Thursday, January 12, 2012

GULP Exam: What are they wearing?

A reader sent it in these:

Please, please, please, tell me what the acolytes are wearing.

Please don't tell me it is a hybrid of a dalmatic and an alb.

We all have heard and seen a Chasu-Alb, the white designless chasuble that has become a staple in the Philippines.


PS: I don't know where this was held.  As you can also see, the photos are copyrighted and I do not claim ownership of these photos.  I think this looks like a Holy Thursday procession.  You can see the two "apostles" in the last photo.  Ain't the MC in the last photo look a bit stiff?  :D


  1. Ow. I thought kami lang. We are also wearing some sort of a "hybrid" between a cassock and alb, which is laced in "gold". Then we wear it with the surplice, also laced with the same material. So its like wearing the alb under the surplice. I can't really voice this out in the parish, and it seems priests don't really care or worse, they don't know. Please pray that this we wear will be changed soon.

  2. Why do they want to be innovative w/o regard of proper and right vestments?

  3. The proper vestment for the acolytes is a cassock and surplice.

  4. That one looks like a Plain Sticharion hhmmm wait a minute are they Greek Catholics???!!!! Blaughhkkk i am trying to stop getting choked on this one

  5. I believe these are "Tunicle".

    The tunicle is the garment of a "subdeacon", atop the alb, at the celebraion of the High Mass.
    This garment is found in the Roman Catholic, Anglican and Old Catholic traditions.

    Gernerally, nowadays, there is very little difference between the tunicle and the dalmatic. Originally they were distinct items, but by the 17th century the two became identical, though a tunicle is often less ornamented than a dalmatic, the main difference often being only one horizontal stripe on a tunicle versus the two on a dalmatic.

    Today, the tunicle is rarely used in the Roman Catholic tradition and seen only on certain authorized clerical societies (such as the Priestly Fraternity of St. Peter) that observed the function of subdeacons.

    In some churches the tunicle is still used by the person acting as the Sub-Deacon of the High Mass. He may be a consecrated brother, a seminarian or a suitable authorised lay person such as an Acolyte (only those who are to assist the Priest or Deacon during the following: holding the Book of Gospels while the deacon sang the Gospel, carrying the Book of Gospels back to the celebrant after the deacon has sung the gospel [note that the deacon carries the book in the Gospel procession to the place where the gospel is proclaimed] and assisting the priest or deacon in setting and clearing the altar), the Reader [if he is to sing the readings] and the Crucifer (only on certain occasions such as Palm Sunday, requiems and Holy Saturday).
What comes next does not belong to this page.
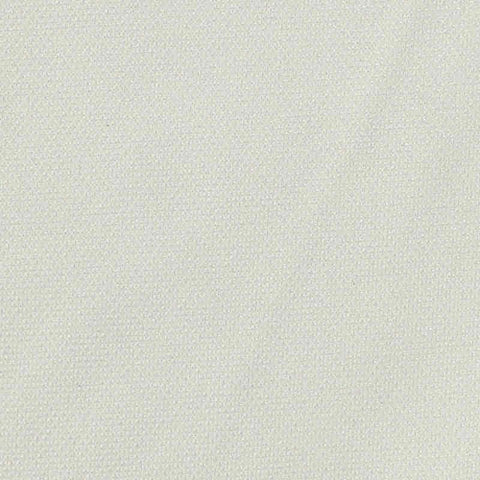 Polyester Stretch Interlock Knit Fabric, 195 gsm — White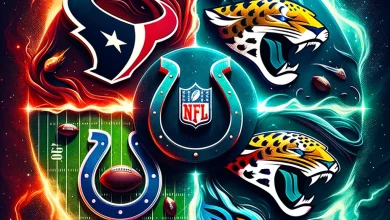 AFC South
    The Candle Bearers, Thurifers and other Altar Servers wears the server's cassock w/ surplice.

    If a bishop or a cardinal celebrates the High Mass (with mitre and crosier), two altar servers are designated to hold the mitre and the crosier, and present them at the appropriate times to him. They are always near the bishop/cardinal and seated closely to where he is. These two wears the server's cassock, surplice and vimpas (similar to that of the Humeral veil but less ornate).